The future of telehealth
As on-campus providers reflected on the work they’ve put in over the last 20 months, the main takeaway is that telehealth is here to stay.
“Meeting with students via video had to happen quickly and without a lot of warning, so initially there was a steep learning curve. It involved quickly adapting to new technology, and new therapeutic considerations,” said Hight.
But telehealth also created an unforeseen issue: Its accessibility, which is typically seen as a benefit, created non-stop demand for services.
“For so many clients who use mental health services, telehealth is easy, accessible, and they don’t have to travel or go to a specific location to meet their counselor. All of the barriers related to time, travel and location that students experienced before were removed by the telehealth option,” said Petrova.
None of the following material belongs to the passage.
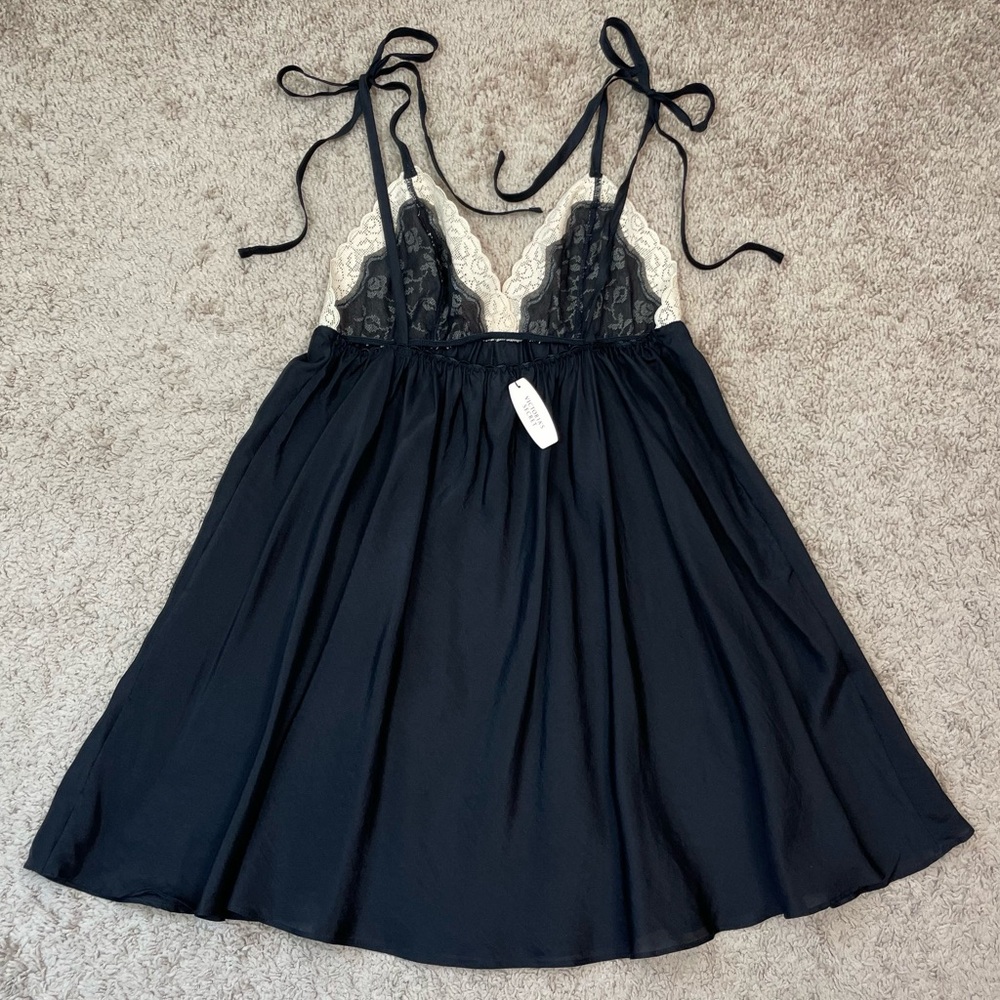 NWT Victoria’s Secret Lace Silk Babydoll Bow Romantic Lingerie Slip Dress Small - Picture 14 of 15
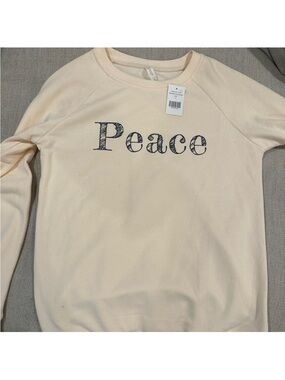 Peace Graphic Crewneck Sweatshirt - Cream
“In light of this demand, we need to be more mindful about practicing from a brief therapy model and setting boundaries about the length of treatment. Additionally, mental health providers will need to schedule self-care and administrative opportunities during the summer semester, or times of the semester when the demand is slower.”
SHS had to adjust to telehealth as well — and found their patients often prefer it, too.
“Most of my patients prefer telehealth. It allows for more flexibility with scheduling since they do not have to physically get to the office. Since I am licensed in both Georgia and South Carolina, my patients can be anywhere in those two states to have an appointment with me,” said Locrotondo.
However, Locrotondo noted that poor internet connection can make telehealth appointments more challenging.
The main takeaways
Petrova mentioned that although seeking professional help is an important step for students, pandemic wounds take more than a therapy appointment to heal.
“It is important to remember that we have been experiencing a global crisis and that we should not pathologize nor medicalize the impact of the pandemic. In other words, counseling and psychotherapy are not the only solution to the broader emotional healing that we all need to experience,” she said.
“We need things like community events, support groups and activities to help one another. The trauma is normal and is real, and simply telling people to go talk to a counselor is not the solution.”
Campus providers also mentioned tips for how they maintain their own mental health.
“It is important to take time for yourself and find things to help take your mind off of work. It can be helpful to talk to loved ones, colleagues or other mental health professionals. I enjoy spending time with my family and going for evening walks. I try to exercise regularly and take some time for myself,” said Locrotondo.
Hight mentioned that screen-free time helped him manage COVID-related stress.
“I make sure that I have hobbies that are not connected to the internet or a computer screen. For me, that’s playing guitar and spending time with my husband and friends,” he said.
He added that receiving his COVID-19 vaccine was “the most important thing” he has done for his mental health over the course of the pandemic.
“Being vaccinated wasn’t just good for my physical health: I was surprised at the emotional relief I felt afterward. As soon as I was vaccinated, I felt like I could exhale a bit.”
Petrova and Dollinger hope that, as the nation emerges from the pandemic, people both across the country and in the campus community will be patient with mental health care providers — and acknowledge the work they do every day.
“We have developed vaccines for COVID-19 prevention and have several medications and monoclonal antibodies for treatment,” said Dollinger. “However, the mental health needs of our society and AU in particular will unfortunately persist long after the number of new cases finally subside.”
“Our mental health providers at AU have been working very hard to meet the mental health needs of students during this difficult time, and in some ways, they have been and are the unacknowledged heroes,” she said.
“Just as we have cherished the medical frontline providers during this time, we will need to start cherishing and celebrating the mental health providers who will likely be involved in the ‘cleanup’ of the pandemic mess for quite some time.”